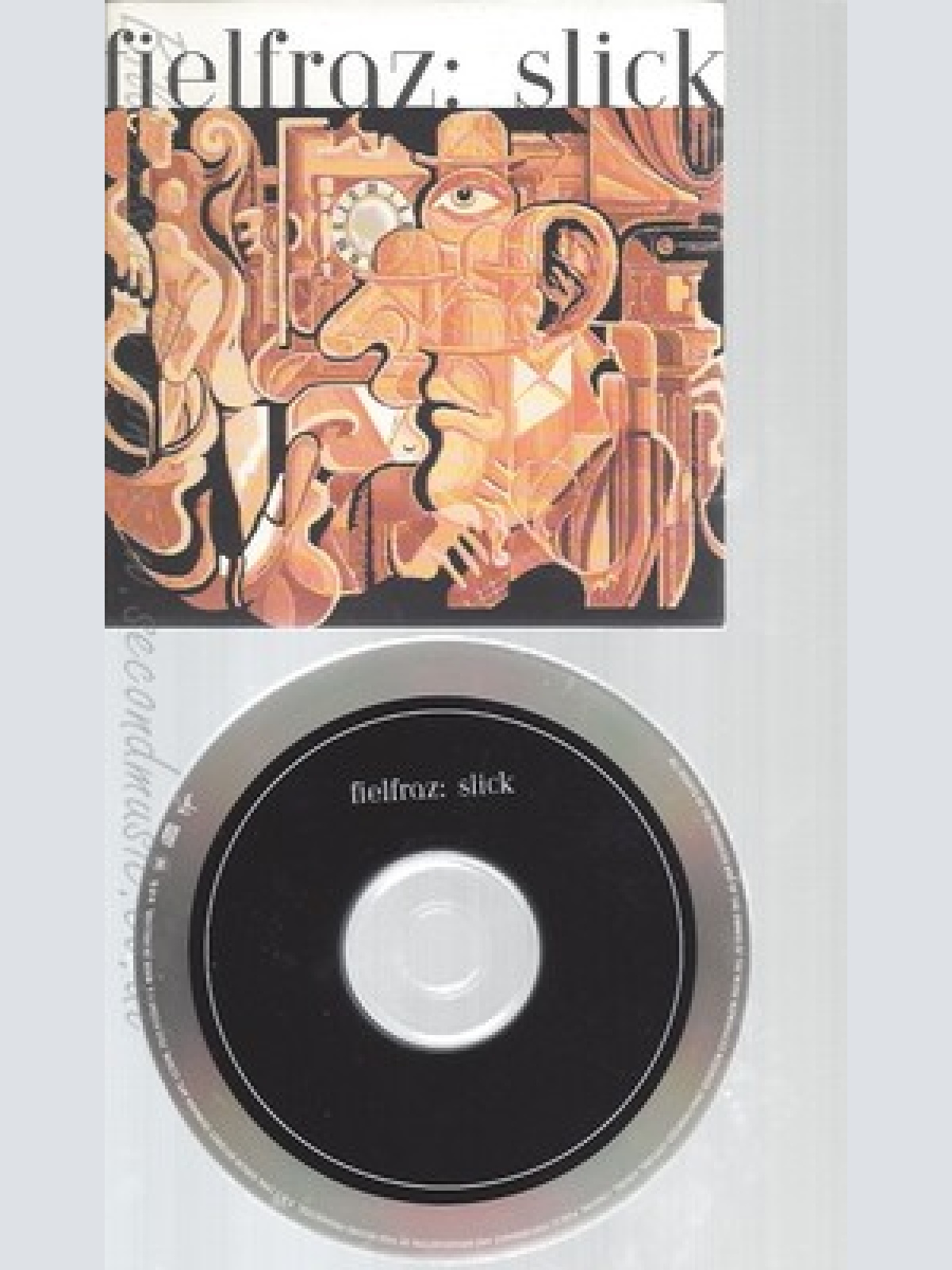 CD--FIELFRAZ--SLICK--OHNE BACKCOVER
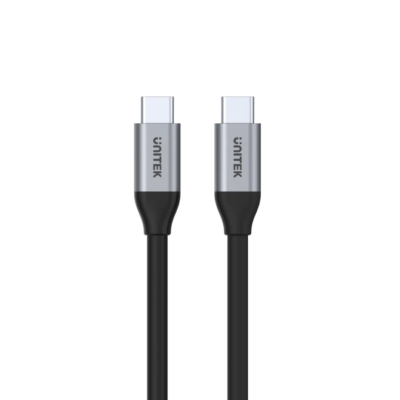 UNITEK USB-C 100W PD Fast Charging Cable with 4K@60Hz (USB 3.2 Gen2)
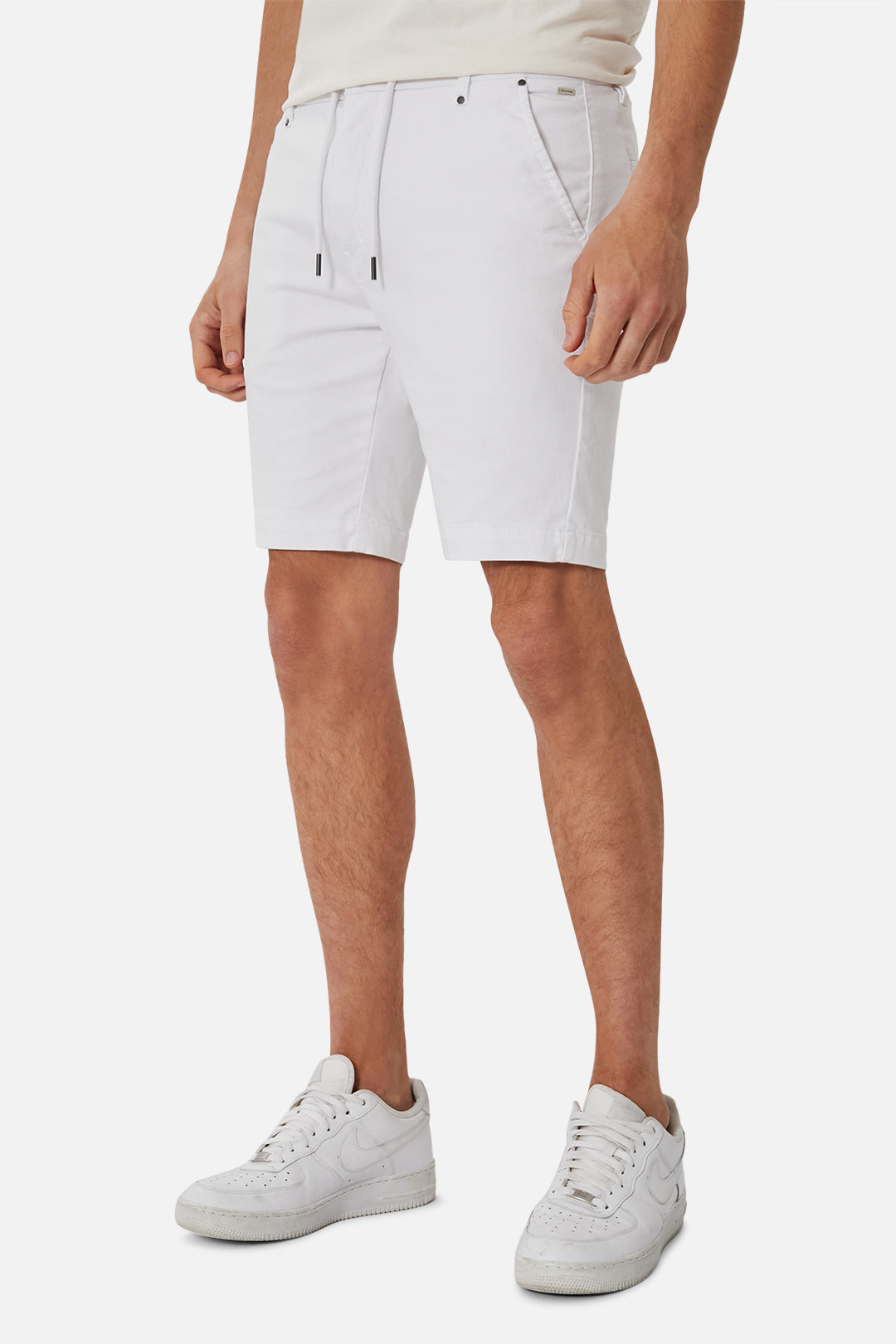 The New Drifter Cuba Short - White | Stylish & Comfortable Men's Shorts for Summer, Beach, and Casual Wear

• • • • •

■ Exercise objective
Your copy should begin at the line containing "UNITEK USB-C 100W" and end at the last line of the data above, matching each line exactly and holding no pictures.

■ Exercise response
 UNITEK USB-C 100W PD Fast Charging Cable with 4K@60Hz (USB 3.2 Gen2)
 The New Drifter Cuba Short - White | Stylish & Comfortable Men's Shorts for Summer, Beach, and Casual Wear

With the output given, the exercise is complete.